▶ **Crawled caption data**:
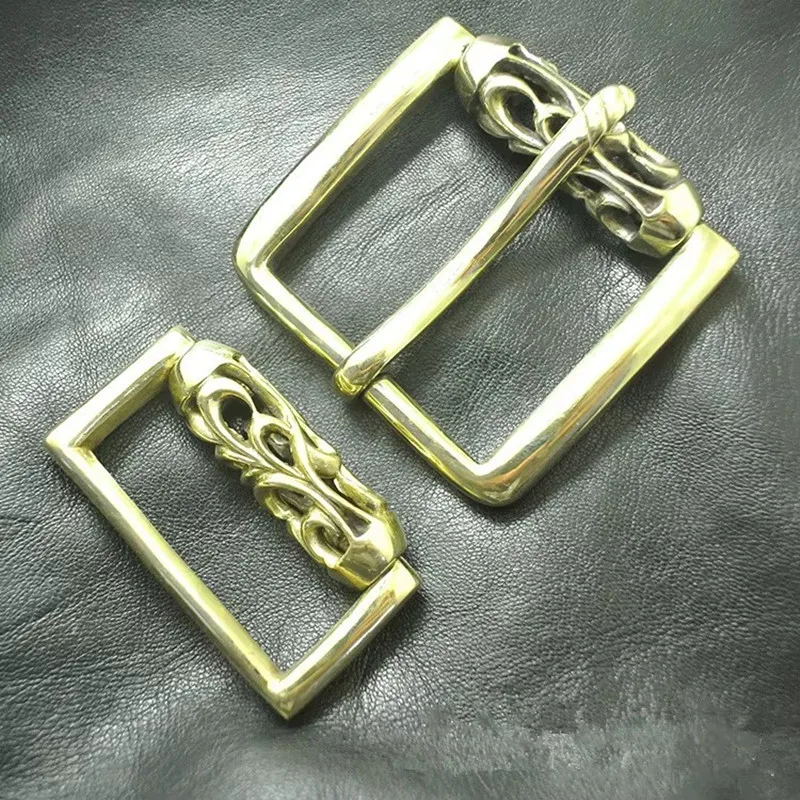 2parts/set Solid Flower embossed Men\'s Solid Copper White copper Brass White copper Belt Buckle DIY Handmade Leather Craft for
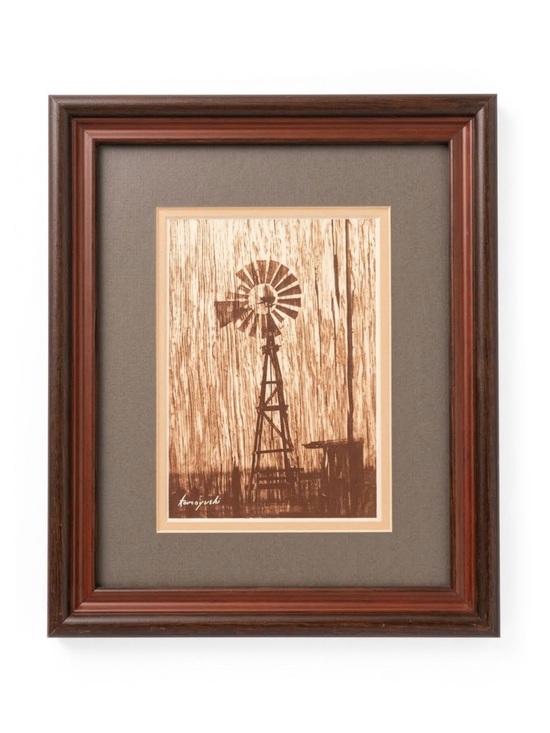 Estate Other - Rustic Windmill Wall Art Print in Sepia with Wood Frame Signed Korzynski Vintage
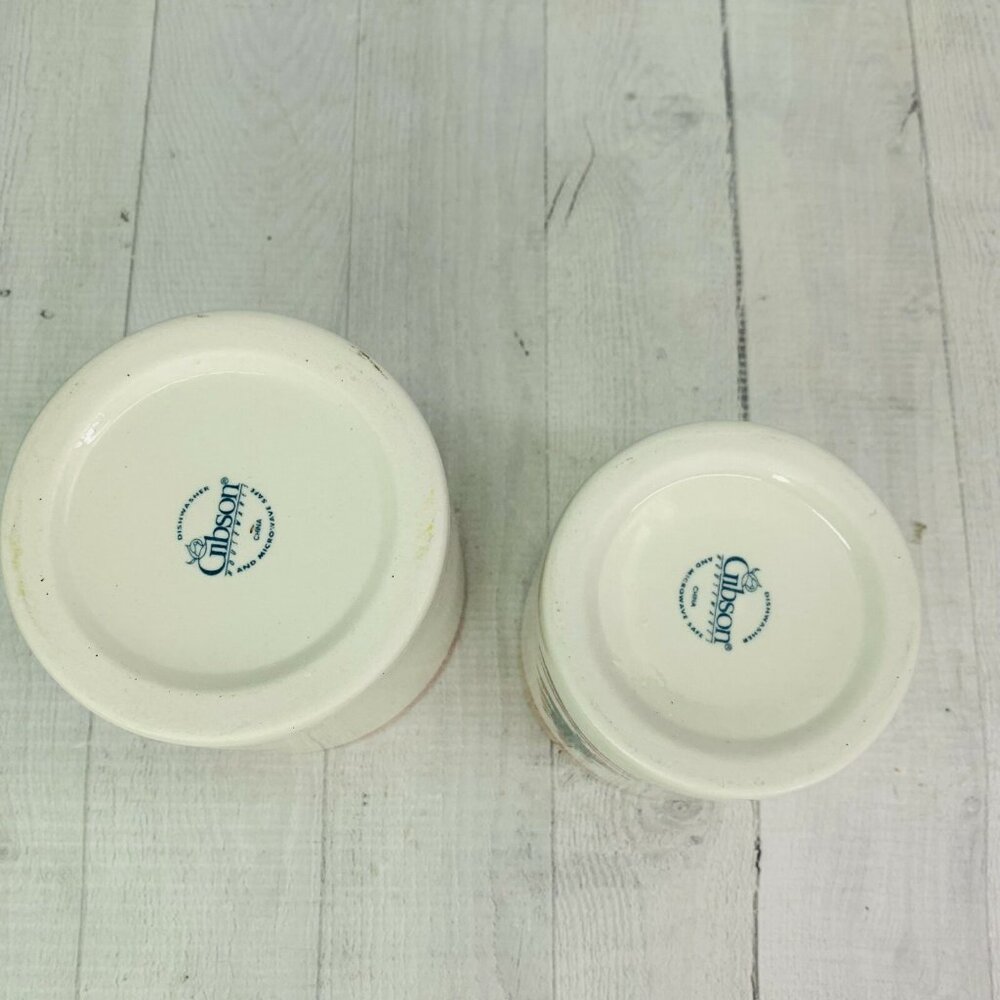 Gibson CHRISTMAS STAR Stoneware Red Green Sponged Tree Storage Container Set 2 - Picture 7 of 9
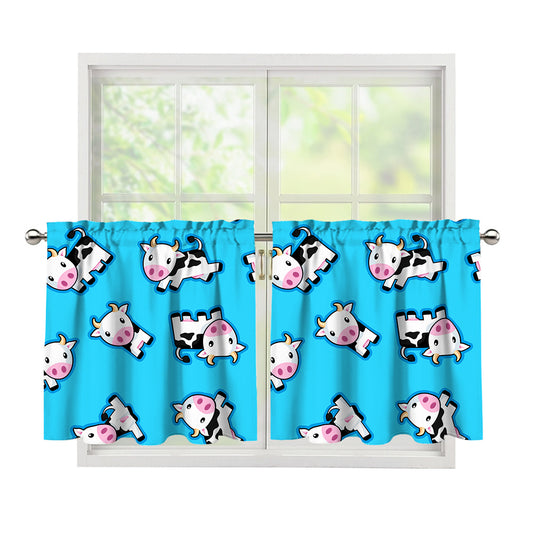 Cute Cartoon Baby Cow Pattern Print Tier Curtains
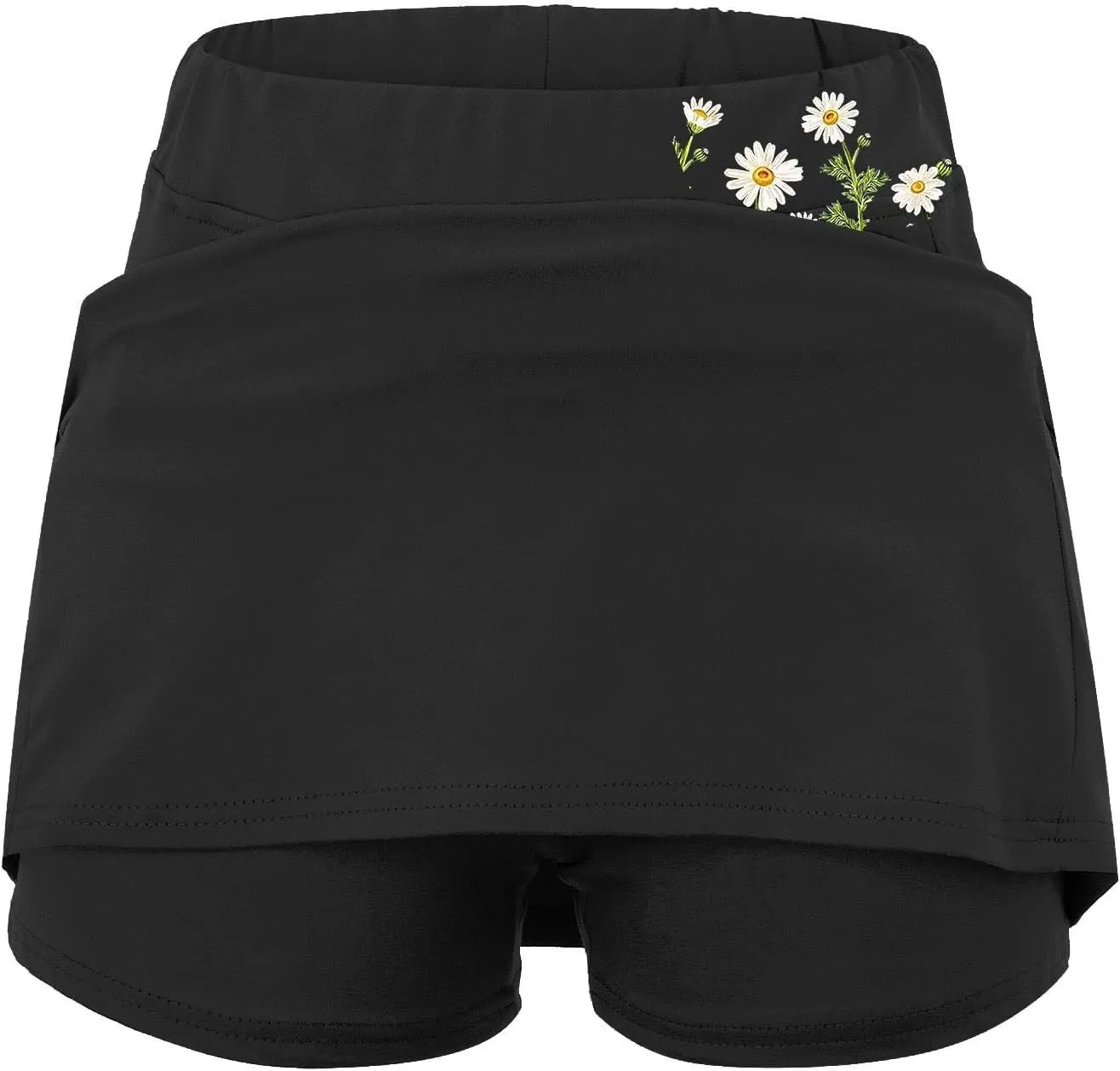 Double Layer Skorts for Women Lightweight Breathable High Waisted Skirt Tummy Control Casual Loose Shirts with Pockets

▶ **Task brief**:
Transcribe each entry above without alteration, but keep the pictures out.

▶ **Solution for this task**:
 2parts/set Solid Flower embossed Men\'s Solid Copper White copper Brass White copper Belt Buckle DIY Handmade Leather Craft for
 Estate Other - Rustic Windmill Wall Art Print in Sepia with Wood Frame Signed Korzynski Vintage
 Gibson CHRISTMAS STAR Stoneware Red Green Sponged Tree Storage Container Set 2 - Picture 7 of 9
 Cute Cartoon Baby Cow Pattern Print Tier Curtains
 Double Layer Skorts for Women Lightweight Breathable High Waisted Skirt Tummy Control Casual Loose Shirts with Pockets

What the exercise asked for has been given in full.